The Democrats are carrying on as though there were an unbroken tradition, stretching back to the Founders, of using filibusters to require a 60-vote supermajority to confirm judges
National Review, May 23, 2005
The Democrats are carrying on as though there were an unbroken tradition, stretching back to the Founders, of using filibusters to require a 60-vote supermajority to confirm judges. Actually, the routine use of the filibuster traces back only to the moment they decided to do everything in their power to block President Bush from putting conservatives on appeals courts.

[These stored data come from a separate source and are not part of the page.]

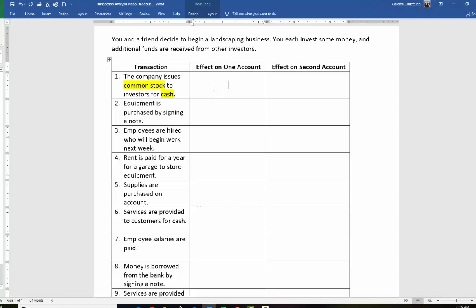Cash is going up, so we're going to say increase in cash because the money is coming into the company. What else is increasing? Common stock is increasing. Now don't be fooled. The thing with common stock that sometimes confuses students is that the company is giving out shares, so it feels like stock is going down, but stock is actually going up. What common stock represents on a company's balance sheet is the amount of money that was paid into the company by investors. So when investors invest money: increase cash, increase common stock. That's the kind of transaction you should memorize because you see it over and over again.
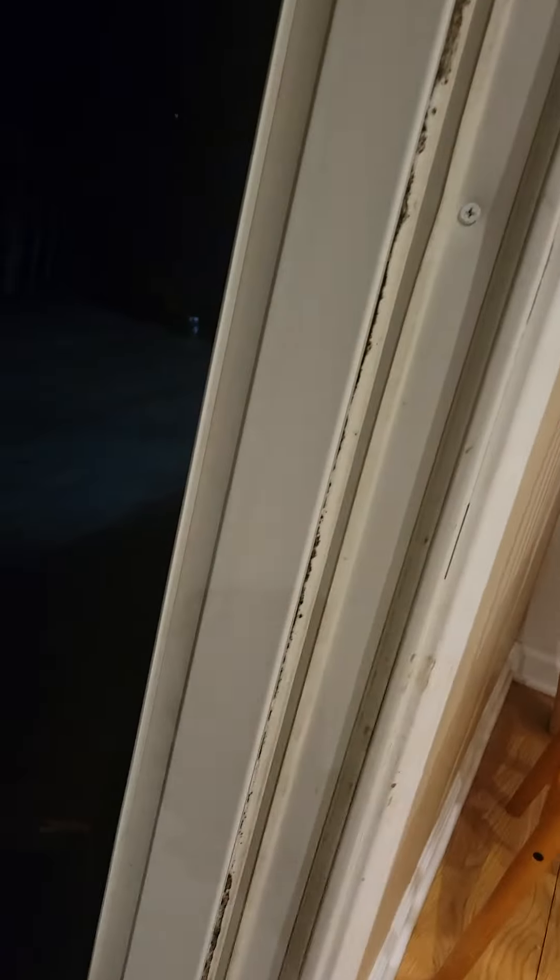Bugs, you ready then? There's a door. Whoa, whoa.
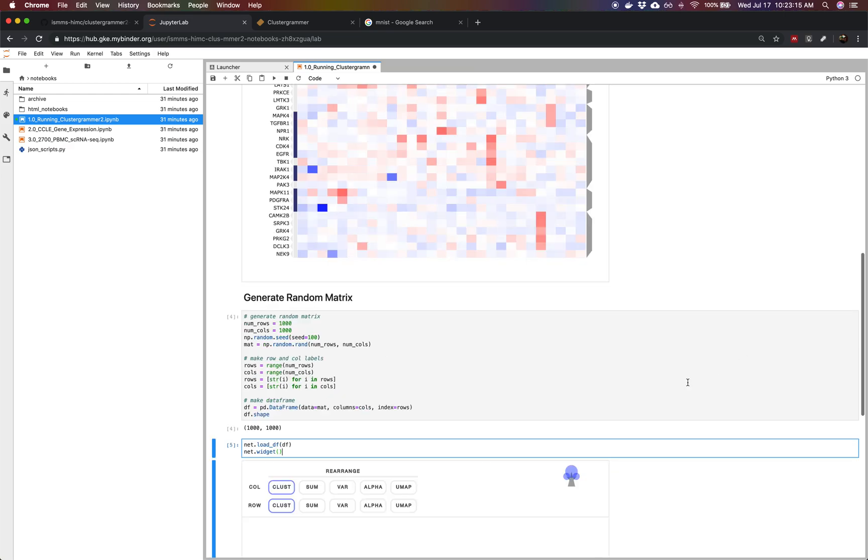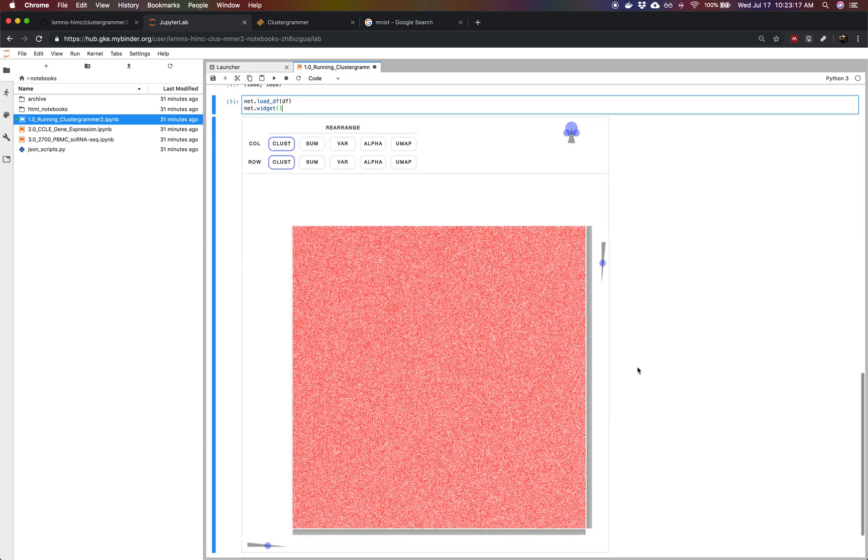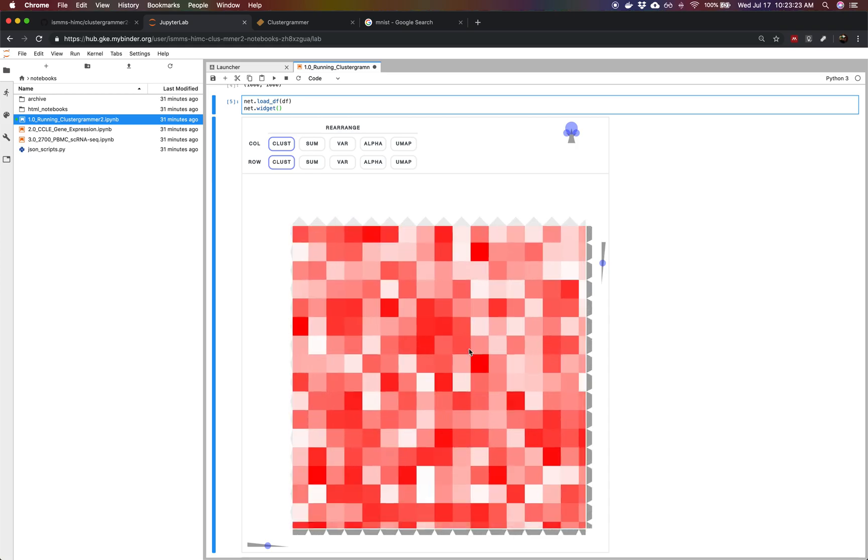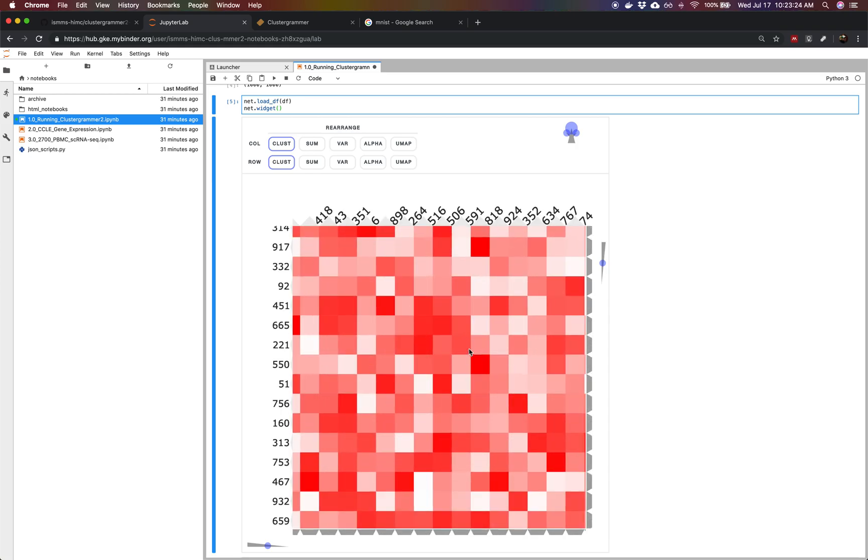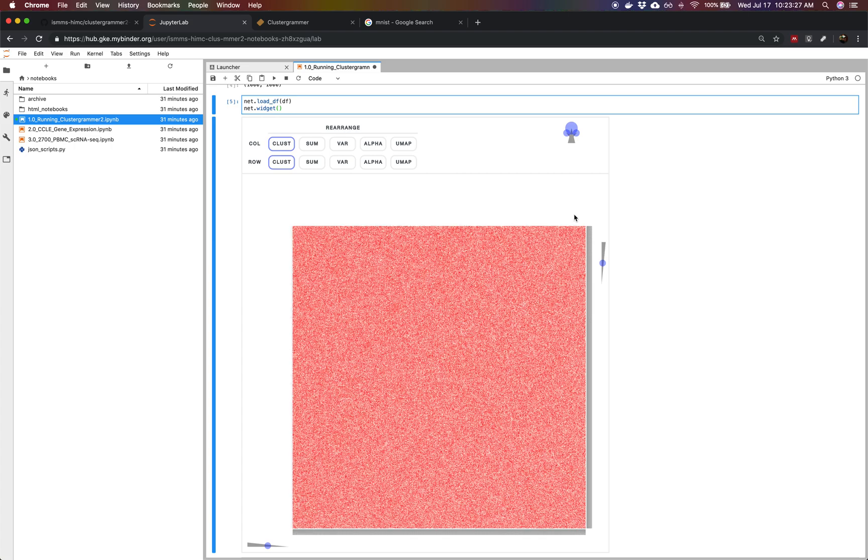We've now generated a heat map of this million data point dataset. We can zoom in and out of this random matrix and explore it in the same way we would any real dataset.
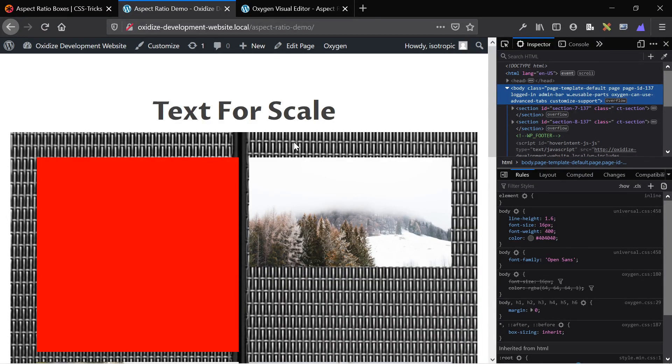Hey guys, this is James from Isotropic, and in this video I'm going to show you how to make an aspect ratio div that is completely responsive to the screen size.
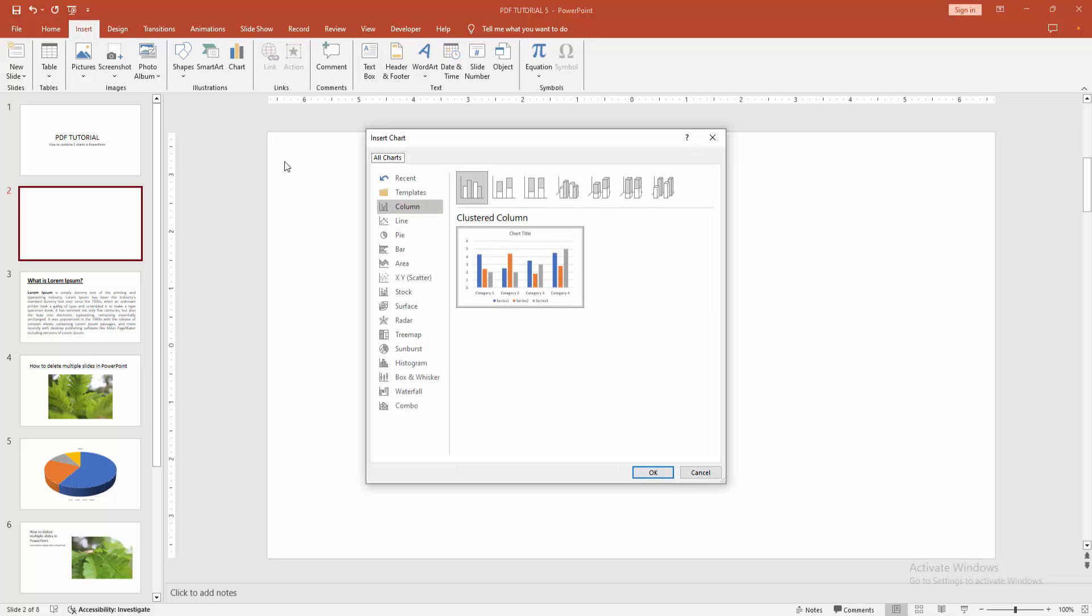And select the chart option. Now we can see here many charts. Now we want to combine two charts.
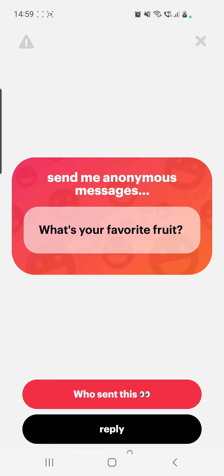Usually that person is the first one who sees that message in your story. This is the only way you can see the exact username of the person who sent you that message. But this is vague, because if you share it with all of your followers or if you have many followers, you probably won't be able to find out who it was.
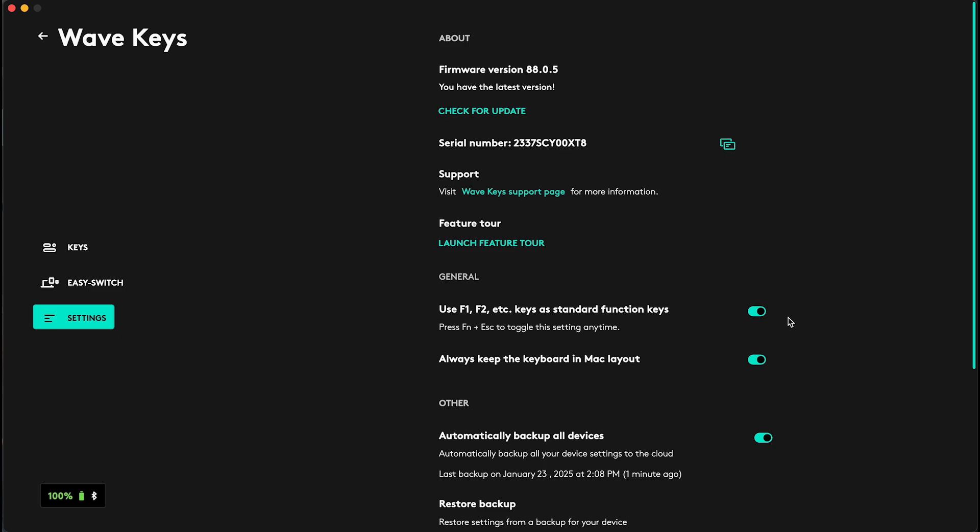When you can just use the F1 to F12 keys as standard F1 to F12 keys, and in order to use the function keys like the symbols that are on them to open like emoji keyboards or app expose or play music and change the volume, then you'll need to press on them while pressing on the FN key on your keyboard. Then it should work.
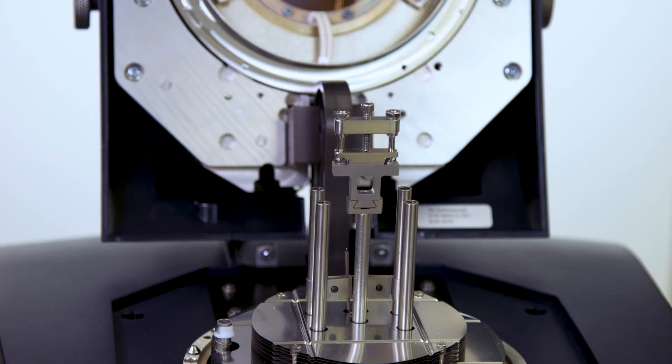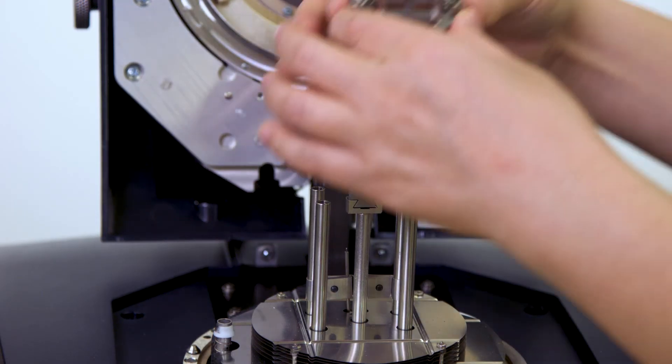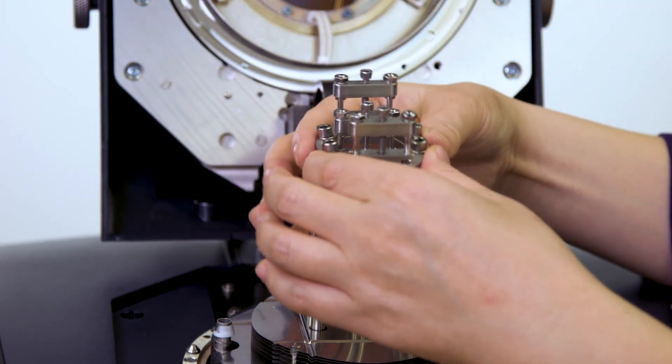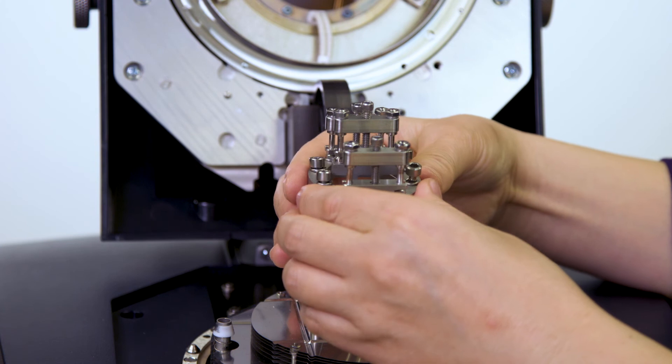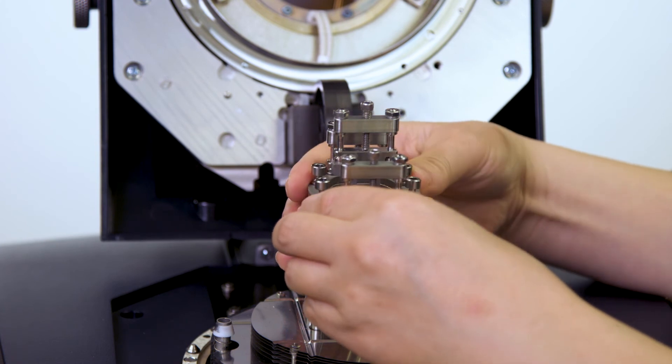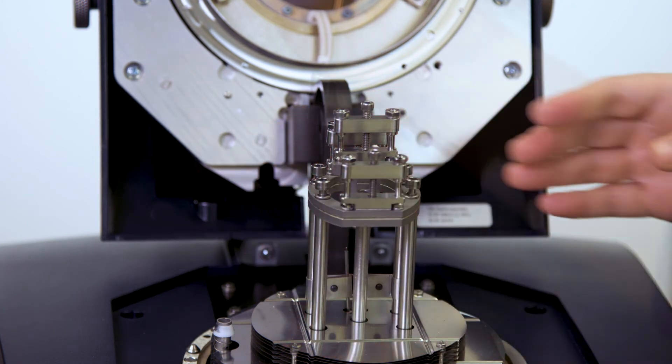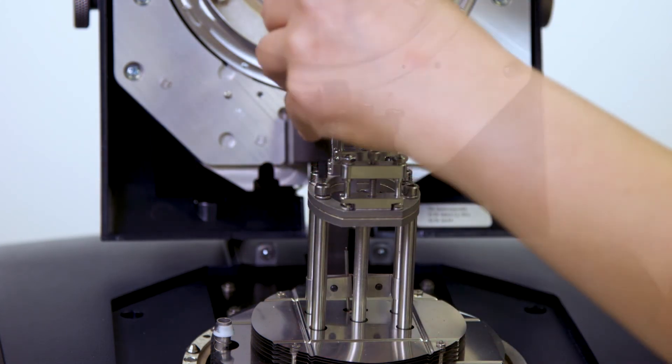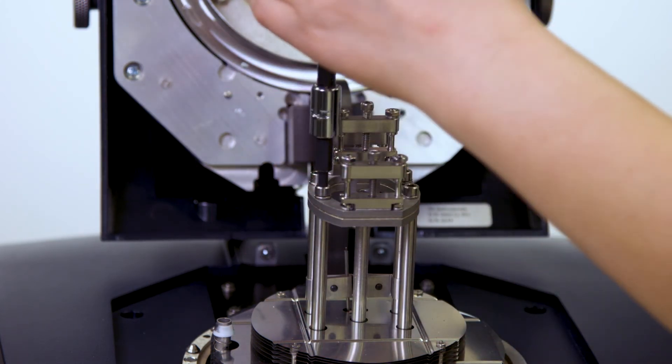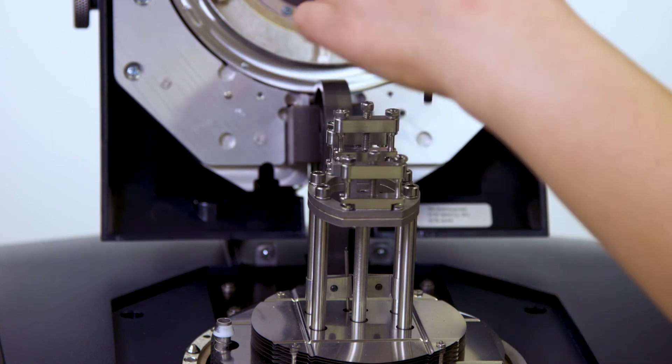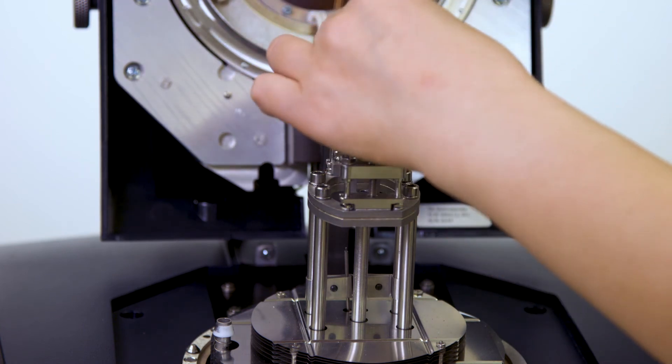The second step is clamp compliance calibration. Install the stationary clamp to the four posts. Tighten the screws with the torque wrench set to 10 inch pound.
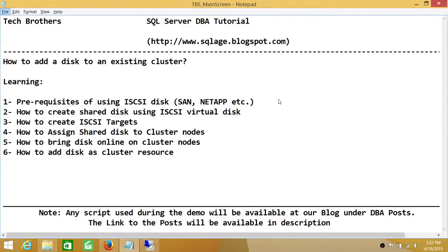Welcome to Tech Brothers. In this video we're going to learn how to add a disk to an existing cluster. In this demo we'll be learning prerequisites of using iSCSI disk. We're using iSCSI technology to create the disk. Some organizations use SAN as their storage backend, or NetApp, or whatever your storage backend is — it really doesn't matter. The procedure remains the same: you create the disk and assign it to the nodes in the cluster. We'll also learn how to create a shared disk using iSCSI virtual disk, how to create iSCSI targets, how to assign shared disk to cluster nodes, how to bring disk online on cluster nodes, and how to add disk as a cluster resource.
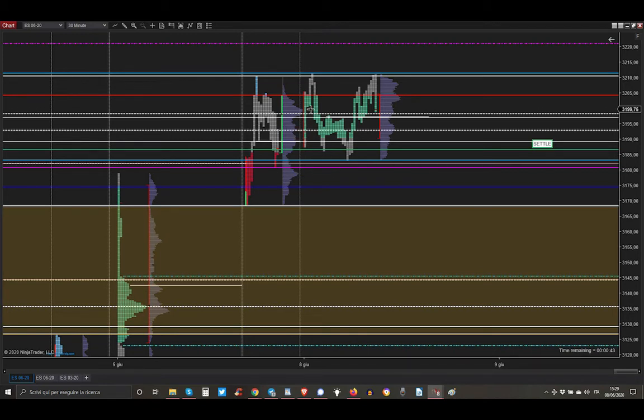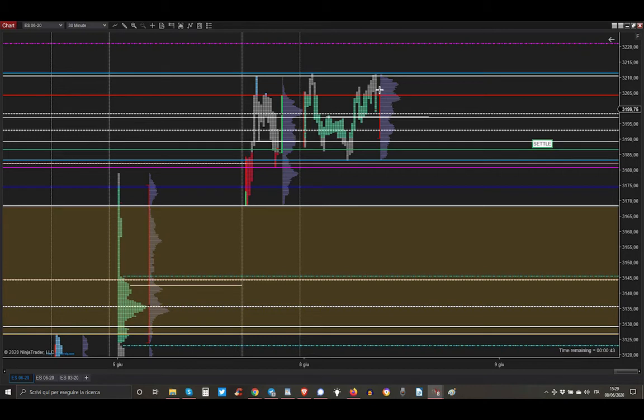During the Asia Session market went higher and broke just above the Friday P2S high, and then on the London Session market stayed within the range of Friday.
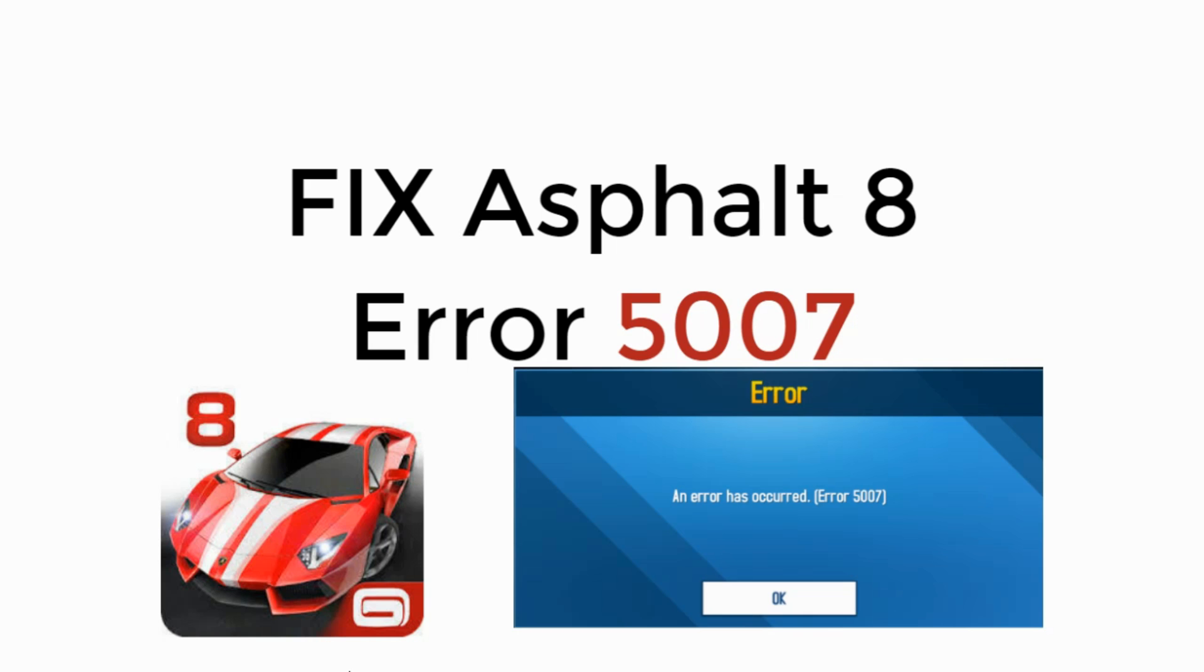Welcome back to Processing Grains. Today we will learn to fix Asphalt 8 Error 5007. So let's begin.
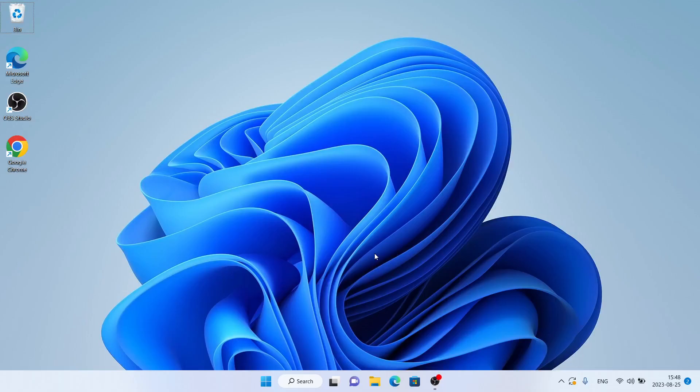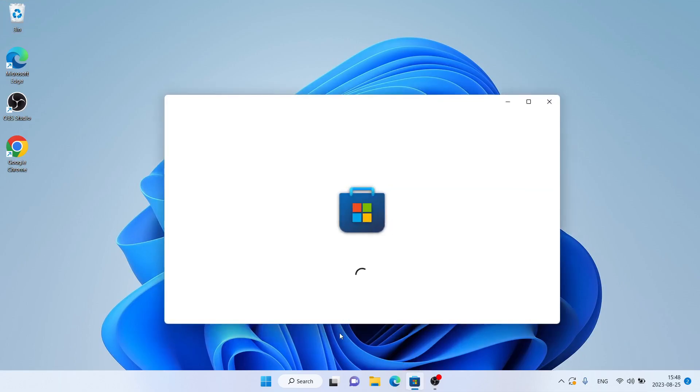Hello and welcome to Pixel. In this video I am going to show you how to download and install Screenpresso for Windows. You can follow me — first open Microsoft Store, then search for Screenpresso.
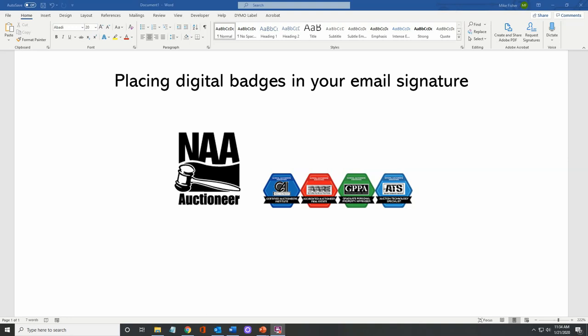Welcome back to our second video dealing with your digital badge certifications. I'm Mike Fisher, EI trustee with the National Auctioneers Association.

The Democrats have been successful: Bush has gotten a historically low percentage of his appeals-court nominees confirmed. A simple majority of the Senate can change the rules to prevent this abuse. We suspect that the Democrats' campaign of filibusters would come to a natural end even without a formal change in the rules, because the public would expect a Supreme Court nominee to get an up-or-down vote. But Senate Republican leaders seem to think that the risk of letting the filibusters continue is unacceptable, and they have staked their credibility on passing a rules change. The Democrats will complain that ending the filibusters of judges will diminish the rights of the minority party. But those "rights" are a matter of give-and-take in the Senate, and it is their own contumacy that has endangered them. If they want to block Bush's judges, the Democrats will just have to do it the old-fashioned way: by electing more senators.